We will only cover the bare bones of writing files in Quarto. For truly comprehensive information, see the documentation on Quarto’s website.

1.3.1 The header

The very first thing in a Quarto file is a header. A typical header might look something like this:

---
title: "Introduction to R"
author: "Brenton Kenkel"
date: 2025-08-26
format:
  pdf:
    fontsize: 12pt
    highlight-style: tango
---

The title line specifies the title of the document. Everything inside the quotation marks is considered the title; the quotation marks themselves are not treated as part of the title. If you needed to include quotation marks in your title for some reason, you would “escape” them with a backslash like this:

title: "Yeah, I \"Needed\" Quotation Marks in the Title"

The author block specifies the author. It works just like the title block.

The date block specifies the date. Programming languages like R typically best manage dates in YYYY-MM-DD format, so that’s how I write the date. But you can just write it however you want it to show up in the output document, being careful to use quotation marks if there are commas or colons or the like.

date: "The 21st day of August, Year of the Depend Adult Undergarment"

The format block specifies the default format that the document should be rendered as. The most common formats are pdf, which you’ll use for your problem sets in this class, and html. The fontsize and highlight-style options within the pdf block in the example header control the look of the PDF that’s rendered. There are tons more options documented on the Quarto website. But don’t worry too much about having to work through these — for the problem sets, I’ll distribute a template with a premade header that you just have to plug your name into.

1.3.2 Ordinary text in Markdown format

You write a Quarto document in plain text. There’s some special syntax you can use to mark up that text with formatting (bold, italics), to include headings and hyperlinks, place images, and so on. One of the best ways to learn the syntax is to just download the .qmd source for these lecture notes and compare to the output.

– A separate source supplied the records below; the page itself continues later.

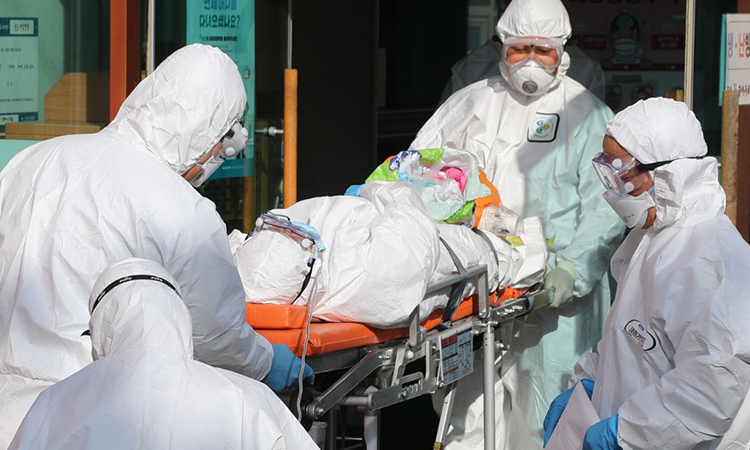 Hàn Quốc ghi nhận thêm 142 ca nhiễm Covid-19 mới, số người chết đứng thứ 2 thế giới chỉ sau &quot;tâm chấn&quot; Trung Quốc - Ảnh 1.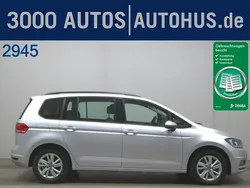 Weiß (oryxweiß perlmutteffekt) Gebraucht 2020 VW Touran Highline Van / Kleinbus | 31.790 € (Teuer)
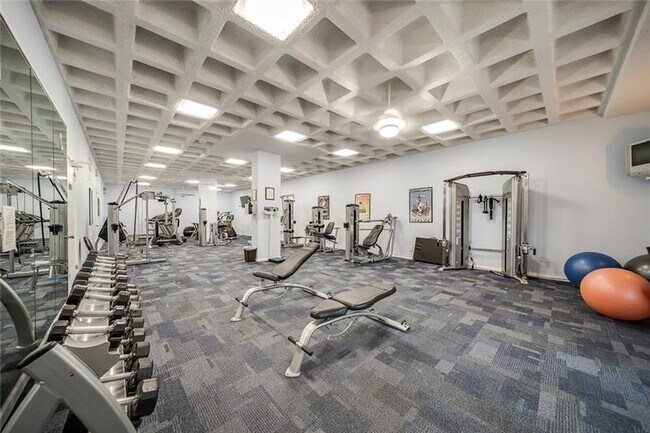 Building Photo - 1360 S Ocean Blvd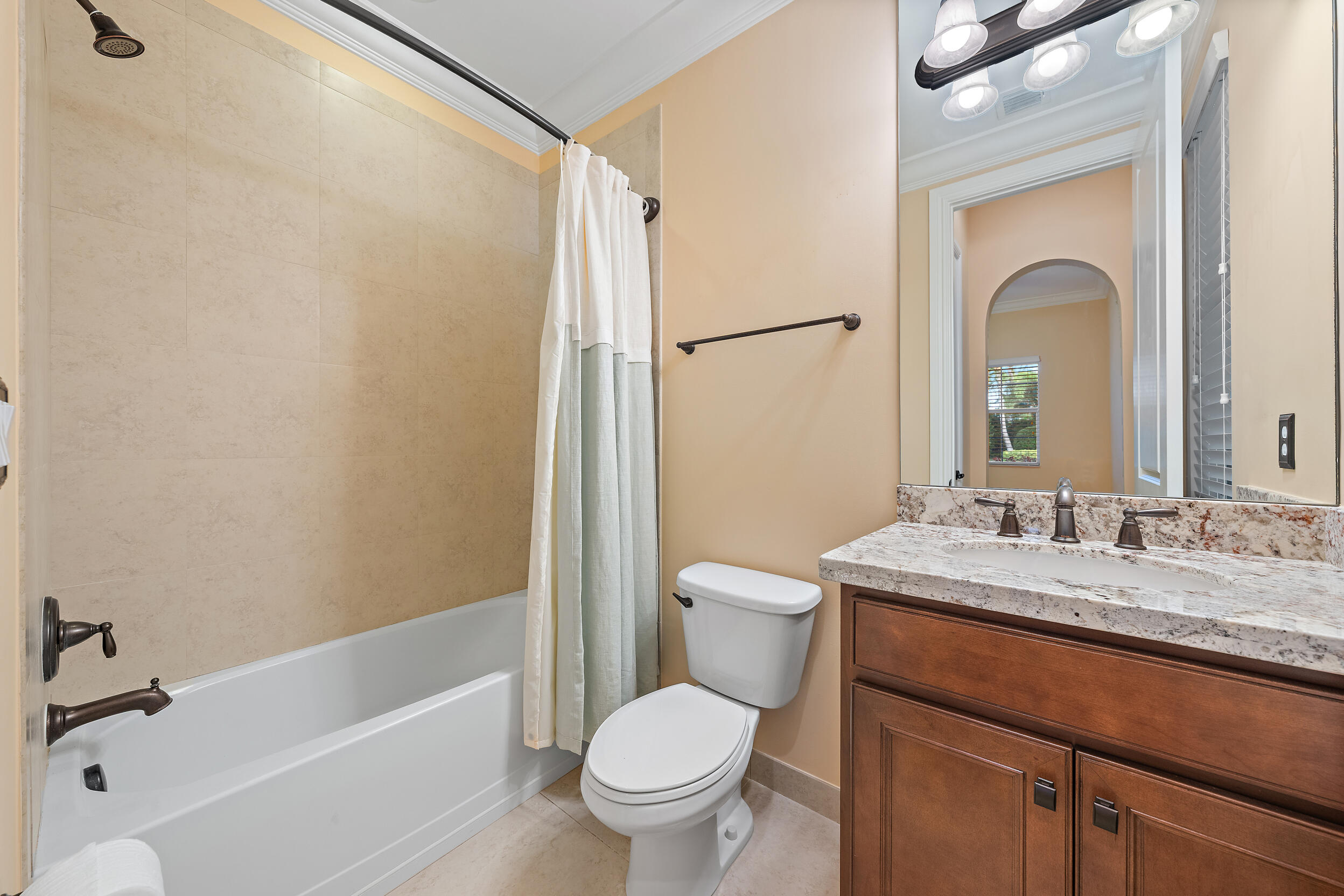 8176 Southeast Red Root Way Jupiter, FL 33458 - Photo 24 of 41 Guest Bathroom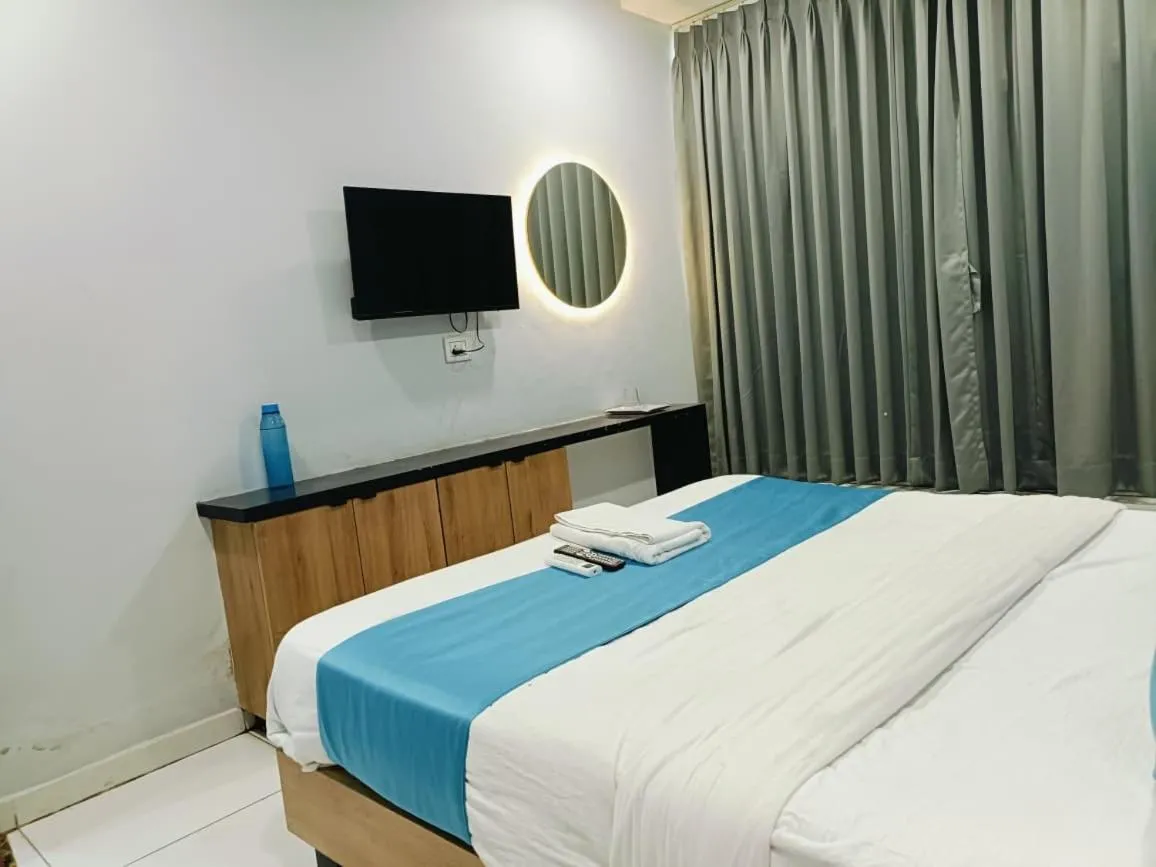 Bed in hotel grand view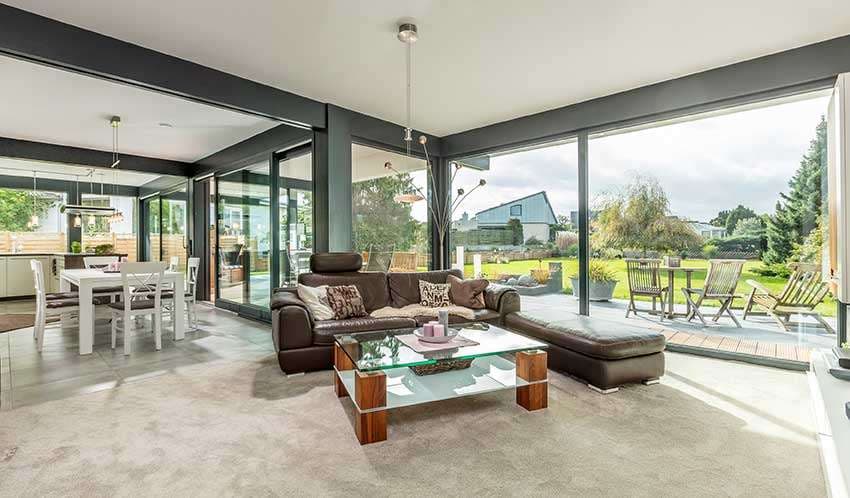 Helles, offenes Wohnzimmer mit großen Panoramafenstern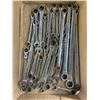 Image 2 : 2 TRAYS OF GEAR WRENCHES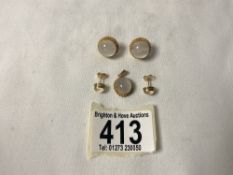 TWO PAIRS OF 375 HALLMARKED MOONSTONE SET EARRINGS, AND A PENDANT.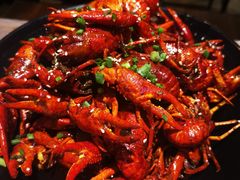 -巴厘龙虾·榜首油焖大虾(音乐学院·沿江酒馆店)
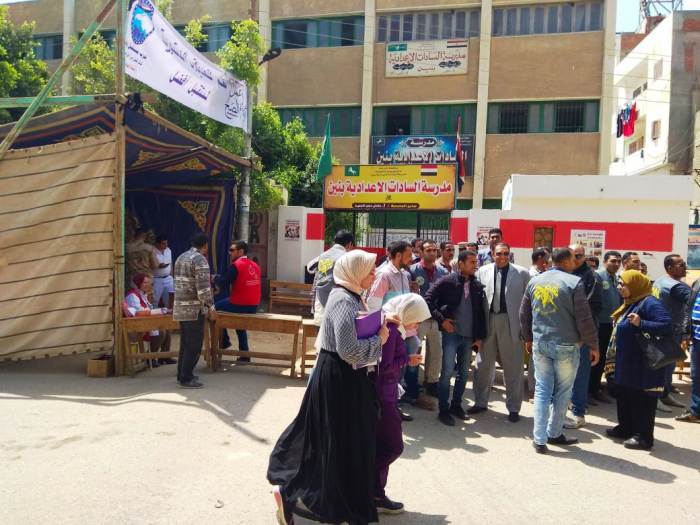 بالصور.. إقبال كثيف من المواطنين بالشرقية على لجان الإستفتاء للمشاركة فى التعديلات الدستورية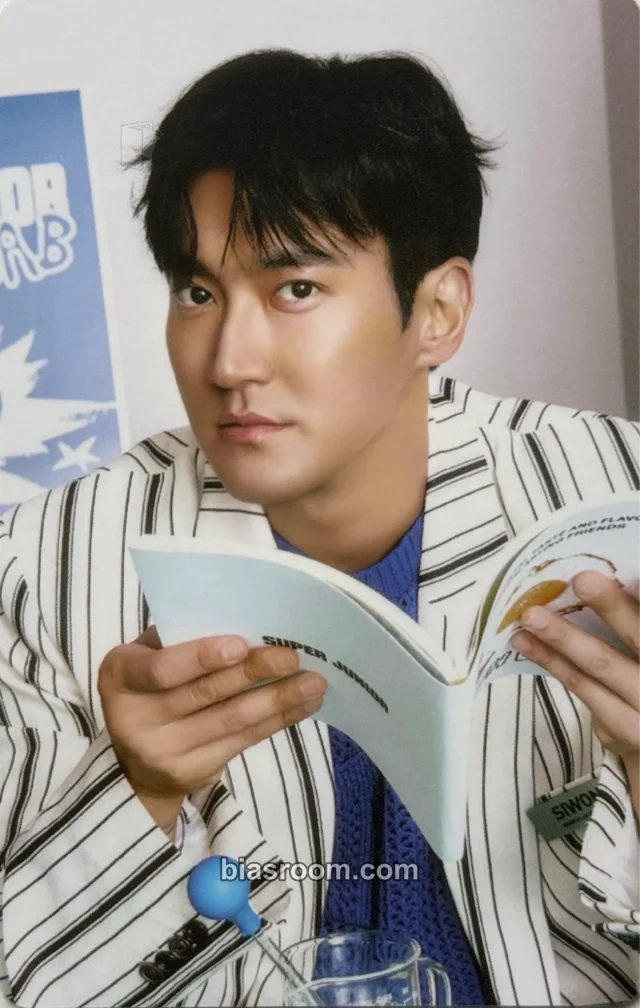 SUPER JUNIOR - Siwon - 2025 Season's Greetings - Brunch Lab Other trading card season's greetings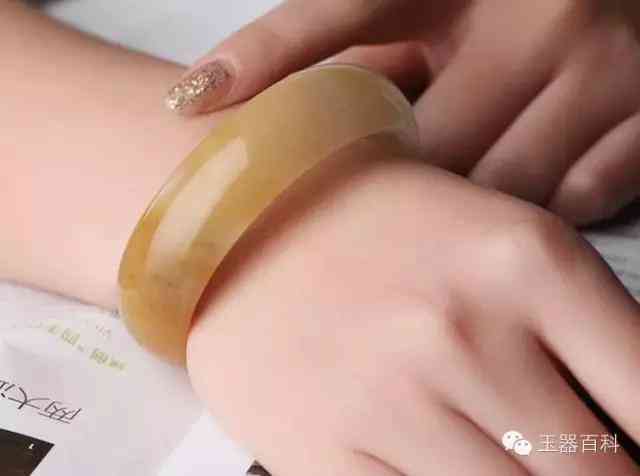 金絲玉手鐲適合什么人(金絲玉手鐲適合什么人戴)插圖7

And here’s a quick guide to the most useful pieces of syntax:

# Big heading

## Medium heading

### Small heading

You can make things *italic* or **bold**.  You can even put things in `code font`.

*   this is
*   a bulleted
*   list

<!--
This is a comment!
It won't show up in the rendered output!
-->

You can include [hyperlinks](https://vanderbilt.edu).

1.  this is
2.  a numbered
3.  list

Finally, you can include images:

![](https://i.redd.it/tospo6k2u9l81.png)

1.3.3 Code blocks

The special thing about Quarto is that you can include blocks of R code. (Or Python, if you’re into snakes.) When you render the document, the code you put into each code chunk will be run in R, and the output will be included in the document.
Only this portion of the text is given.